In speaking with some families of the players will be attending the events, one senses their national pride, but also their spirit of international community.
“Bahamians are socialites,” says Garvin Newball, whose son, Gianno, is playing with teammates from his country. “Some of them will probably know a different language by (the time) we get back.”
The players come from Nassau, Northampton, Gold Coast and Moose Jaw, as well as many other destinations from around the world, swept up in a sport that seems to naturally bring them all together.
“No one really gets left behind,” says Afia Law, NFL International, flag football development manager. “That’s really been important to us is how inclusive this sport can be and wanting every young person to have a chance.”

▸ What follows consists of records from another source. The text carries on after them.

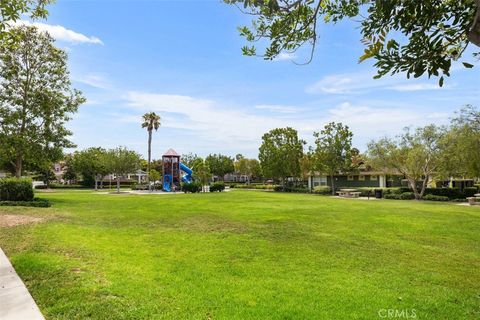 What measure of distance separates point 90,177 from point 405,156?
5682 cm

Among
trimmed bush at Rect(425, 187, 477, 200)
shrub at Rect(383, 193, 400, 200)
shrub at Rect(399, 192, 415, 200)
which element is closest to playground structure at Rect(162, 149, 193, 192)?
shrub at Rect(383, 193, 400, 200)

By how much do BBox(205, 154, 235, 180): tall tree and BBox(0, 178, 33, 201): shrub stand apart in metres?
64.9

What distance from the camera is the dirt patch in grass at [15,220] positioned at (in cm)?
1338

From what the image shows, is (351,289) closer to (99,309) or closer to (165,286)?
(165,286)

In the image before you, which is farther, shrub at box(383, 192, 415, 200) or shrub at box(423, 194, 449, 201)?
shrub at box(383, 192, 415, 200)

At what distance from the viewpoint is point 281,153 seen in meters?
57.2

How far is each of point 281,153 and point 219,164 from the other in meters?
33.5

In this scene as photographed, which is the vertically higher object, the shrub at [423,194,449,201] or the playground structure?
the playground structure

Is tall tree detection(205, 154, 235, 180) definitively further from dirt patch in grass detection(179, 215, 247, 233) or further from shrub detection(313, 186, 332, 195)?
dirt patch in grass detection(179, 215, 247, 233)

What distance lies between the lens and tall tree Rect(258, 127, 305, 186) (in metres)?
57.0

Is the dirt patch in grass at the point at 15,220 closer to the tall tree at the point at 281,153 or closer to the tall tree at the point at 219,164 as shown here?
the tall tree at the point at 281,153

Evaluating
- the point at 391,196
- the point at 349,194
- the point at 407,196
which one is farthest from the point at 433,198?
the point at 349,194

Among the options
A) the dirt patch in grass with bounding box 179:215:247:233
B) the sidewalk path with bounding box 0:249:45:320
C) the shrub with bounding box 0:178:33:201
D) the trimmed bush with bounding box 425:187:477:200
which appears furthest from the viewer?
the trimmed bush with bounding box 425:187:477:200

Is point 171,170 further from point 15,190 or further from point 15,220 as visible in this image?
point 15,220
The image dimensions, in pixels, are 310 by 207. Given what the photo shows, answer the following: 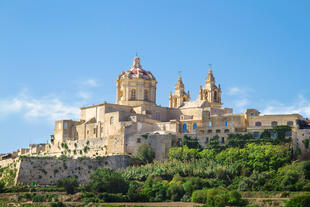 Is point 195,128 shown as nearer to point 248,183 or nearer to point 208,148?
point 208,148

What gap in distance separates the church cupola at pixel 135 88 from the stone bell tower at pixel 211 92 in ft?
23.3

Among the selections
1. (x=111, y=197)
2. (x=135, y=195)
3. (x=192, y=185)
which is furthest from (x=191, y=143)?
(x=111, y=197)

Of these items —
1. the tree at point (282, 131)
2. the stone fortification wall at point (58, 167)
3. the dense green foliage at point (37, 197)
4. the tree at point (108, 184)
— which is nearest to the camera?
the dense green foliage at point (37, 197)

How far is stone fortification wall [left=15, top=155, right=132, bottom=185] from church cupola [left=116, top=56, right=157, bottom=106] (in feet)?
41.5

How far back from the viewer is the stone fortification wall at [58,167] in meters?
53.1

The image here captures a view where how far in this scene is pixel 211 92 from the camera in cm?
7450

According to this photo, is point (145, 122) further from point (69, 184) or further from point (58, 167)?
point (69, 184)

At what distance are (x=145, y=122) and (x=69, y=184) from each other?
14869 millimetres

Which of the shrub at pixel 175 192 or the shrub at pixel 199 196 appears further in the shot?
the shrub at pixel 175 192

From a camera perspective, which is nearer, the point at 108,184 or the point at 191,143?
the point at 108,184

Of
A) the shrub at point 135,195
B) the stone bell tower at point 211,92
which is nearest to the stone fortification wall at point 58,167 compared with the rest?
the shrub at point 135,195

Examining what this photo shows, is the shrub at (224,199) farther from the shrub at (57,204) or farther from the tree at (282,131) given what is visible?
the tree at (282,131)

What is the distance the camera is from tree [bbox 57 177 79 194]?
165 feet

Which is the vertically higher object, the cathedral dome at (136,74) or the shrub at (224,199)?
the cathedral dome at (136,74) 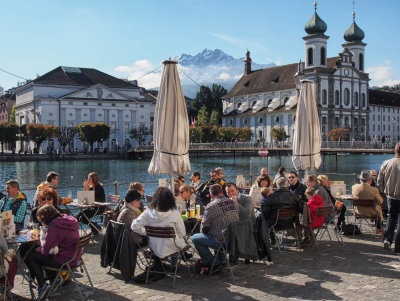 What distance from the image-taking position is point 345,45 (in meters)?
101

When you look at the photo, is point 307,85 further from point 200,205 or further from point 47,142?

Flag football is played by 20 million in more than 100 countries, according to the NFL. The league has a wide footprint through flag in the U.S. but also internationally as part of the sport’s swelling movement. It’s a movement that enjoins girls and boys, who compete against one another, and a spirit of cooperation spread by teachers and coaches in schools over five continents that will be represented at the University of Central Florida.
The experience, which involves kids competing in coed 5-on-5 games at the U12 division, allows participants to watch and mingle with NFL players, but also bring something of themselves they can share with their competitors.

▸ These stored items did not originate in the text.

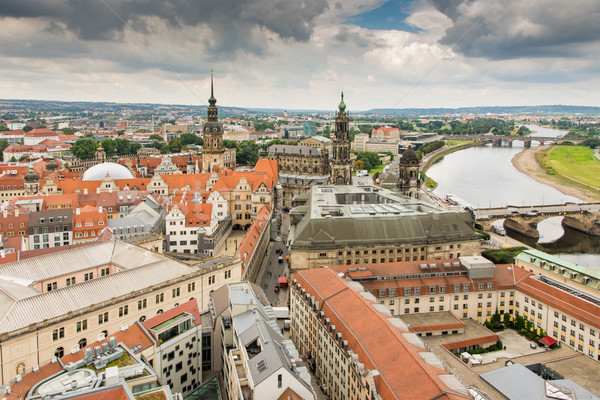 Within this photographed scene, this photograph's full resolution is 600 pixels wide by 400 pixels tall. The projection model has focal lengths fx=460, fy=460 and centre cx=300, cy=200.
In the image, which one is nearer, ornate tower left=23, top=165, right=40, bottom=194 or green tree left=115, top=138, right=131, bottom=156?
ornate tower left=23, top=165, right=40, bottom=194

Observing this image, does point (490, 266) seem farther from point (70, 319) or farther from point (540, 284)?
point (70, 319)

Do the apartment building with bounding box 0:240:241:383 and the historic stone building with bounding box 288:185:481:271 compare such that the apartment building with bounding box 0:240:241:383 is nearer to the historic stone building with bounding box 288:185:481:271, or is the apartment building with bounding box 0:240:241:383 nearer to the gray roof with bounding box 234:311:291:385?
the gray roof with bounding box 234:311:291:385

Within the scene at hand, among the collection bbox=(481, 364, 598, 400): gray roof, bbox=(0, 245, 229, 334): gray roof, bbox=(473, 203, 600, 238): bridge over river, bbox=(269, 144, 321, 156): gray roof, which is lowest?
bbox=(481, 364, 598, 400): gray roof

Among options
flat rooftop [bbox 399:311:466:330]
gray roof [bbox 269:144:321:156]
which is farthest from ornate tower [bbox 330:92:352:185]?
flat rooftop [bbox 399:311:466:330]

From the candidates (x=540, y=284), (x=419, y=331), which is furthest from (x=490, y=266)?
(x=419, y=331)

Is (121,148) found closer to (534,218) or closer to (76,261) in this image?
(76,261)

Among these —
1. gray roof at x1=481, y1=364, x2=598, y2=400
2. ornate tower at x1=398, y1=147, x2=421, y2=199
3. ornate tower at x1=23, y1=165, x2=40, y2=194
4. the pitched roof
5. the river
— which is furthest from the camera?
ornate tower at x1=23, y1=165, x2=40, y2=194

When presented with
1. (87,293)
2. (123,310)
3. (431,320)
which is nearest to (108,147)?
(87,293)

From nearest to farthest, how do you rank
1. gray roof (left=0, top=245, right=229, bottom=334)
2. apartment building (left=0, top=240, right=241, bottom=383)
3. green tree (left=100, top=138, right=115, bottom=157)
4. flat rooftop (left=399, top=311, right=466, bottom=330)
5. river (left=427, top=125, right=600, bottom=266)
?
apartment building (left=0, top=240, right=241, bottom=383), gray roof (left=0, top=245, right=229, bottom=334), flat rooftop (left=399, top=311, right=466, bottom=330), river (left=427, top=125, right=600, bottom=266), green tree (left=100, top=138, right=115, bottom=157)

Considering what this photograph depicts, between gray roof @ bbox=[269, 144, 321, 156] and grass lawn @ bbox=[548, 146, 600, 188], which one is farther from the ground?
gray roof @ bbox=[269, 144, 321, 156] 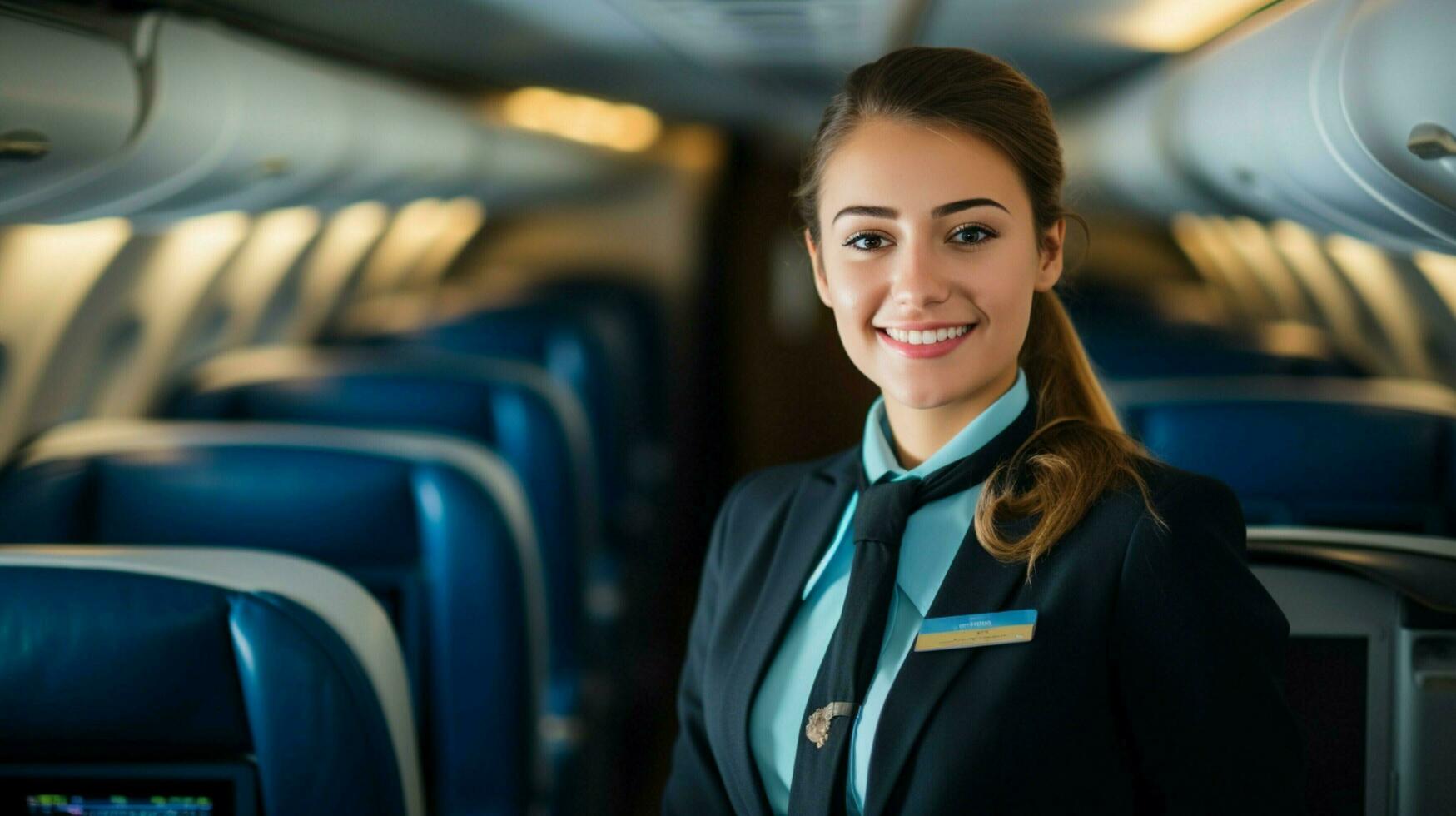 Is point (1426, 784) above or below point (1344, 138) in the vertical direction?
below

“They all work well together and treat each other like brothers,” coach Mike Thomas says of his team based in Regina, Saskatchewan, which will represent Canada, “and it’s a really neat thing to see out there, especially in this day and age and how kids sometimes aren’t able to be connected with other individuals.”
USA TODAY Sports spoke via Zoom with representatives of four of the 12 countries playing in Orlando to learn what they bring to the competition, and what all sports parents can glean from their enthusiasm for one particular sport.
United Kingdom: Sports are an opportunity for kids to discover who they are
“None of us have been to America,” says Anne Davies, a Team UK coach who’s seated in front of the camera next to her son, Tom, and the team’s quarterback, Alice Fleming.
“He’s never been on a plane in his life,” Anne continues, turning to Tom, her co-coach. “A fair few children have never been out of this country, so, for them, even just going out will be amazing.”
Anne and Tom are physical education teachers at Lings Primary School in Northampton, England, a mid-sized city northwest of London. The Davies do what they can to expose their students to new sports and activities, even if it means driving them to a local dance studio for lessons.
“Our school is basically quite a deprived area of the county, so a lot of children don’t really get many opportunities,” Tom says. “Our parents, they’re more grateful that they’re getting opportunities rather than being pushy, and every little thing is celebrated like it’s the absolute best thing in the world.”
You can imagine the reaction when, through Tom and Anne’s coaching and encouragement, these same kids won the opportunity to represent the United Kingdom in this NFL-sponsored tournament.
“We’re absolutely over the moon,” Anne says. “For me and Tom, honestly, it’s the biggest thing we’ve ever had in our life achievement. Certainly the biggest thing for the school.”
“I’m buzzing,” says Fleming, the quarterback, her face widening into a big smile.
Flag football is especially important to girls like Fleming. It’s a chance that Law, the NFL’s international flag lead, didn’t have when she was girl.
“I think it’s really special to show them that there’s an opportunity for them to achieve whatever they want to achieve in this sport,” Law says. “It can be anything from staying fit and healthy and playing with their friends all the way to being an Olympian.”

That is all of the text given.